San Diego, CA -- (SBWIRE) -- 10/09/2018 -- An investor, who purchased shares of Hasbro, Inc. (NASDAQ: HAS), filed a lawsuit over alleged violations of Federal Securities Laws by Hasbro, Inc. in connection with certain allegedly false and misleading statements.
Investors in shares of Hasbro, Inc. (NASDAQ: HAS) should contact the Shareholders Foundation at firstname.lastname@example.org or call +1(858) 779 - 1554.

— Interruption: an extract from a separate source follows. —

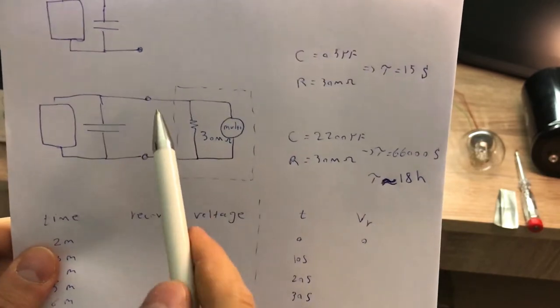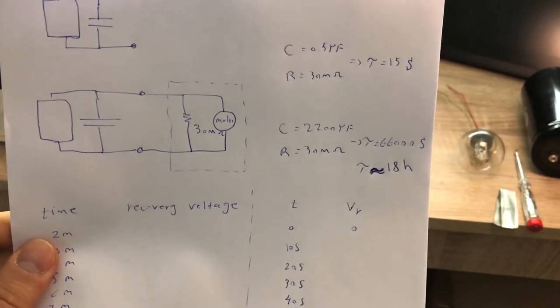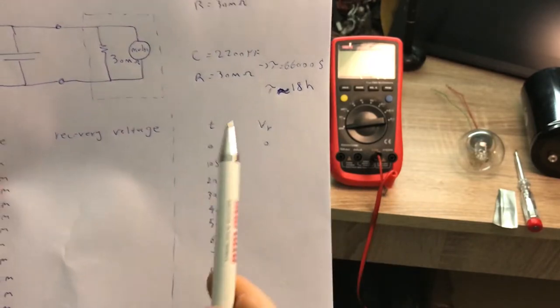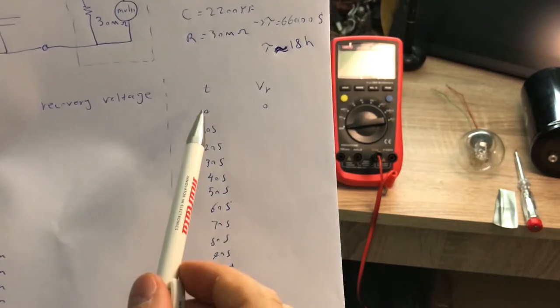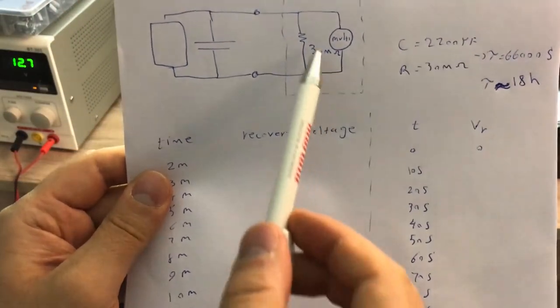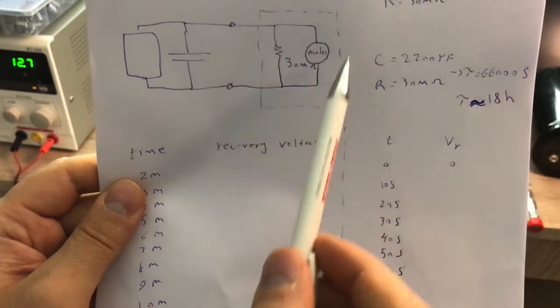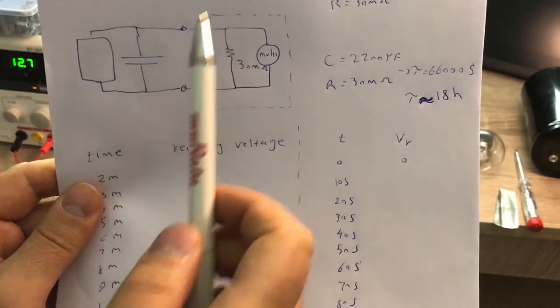To further improve accuracy, I'm not going to keep the multimeter continuously connected. For the first minute I'll record voltage every 10 seconds, then up to two minutes every 10 seconds, and after that every minute I'll disconnect the multimeter between measurements. Every minute I'll connect it briefly to measure the voltage, so the multimeter has even smaller impact on the result. I'll keep measuring for a few hours after removing the short circuit.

Pawtucket, RI based Hasbro, Inc., together with its subsidiaries, operates as a play and entertainment company. On October 23, 2017, Hasbro, Inc. announced its third quarter 2017 financial results for the period ended October 1, 2017. Hasbro, Inc. reported that the United States and Canada were negatively impacted by the Toys "R" Us bankruptcy. This contributed to a 5% decline in the U.S. and Canada segment quarterly operating profit to $217.3 million, or 21.9% of net revenues, compared to $228 million, or 24.4% of net revenues in 2016. Hasbro's CEO stated that, "[a]s a result of the Toys "R" Us bankruptcy filing in the U.S. and Canada, there was a negative impact on our quarterly revenues and operating profit." And the Company's CFO warned that the challenges in the U.K. and Brazil were anticipated to continue for the remainder of the year and sales would be up only 4% to 7% from a year ago in the fourth quarter.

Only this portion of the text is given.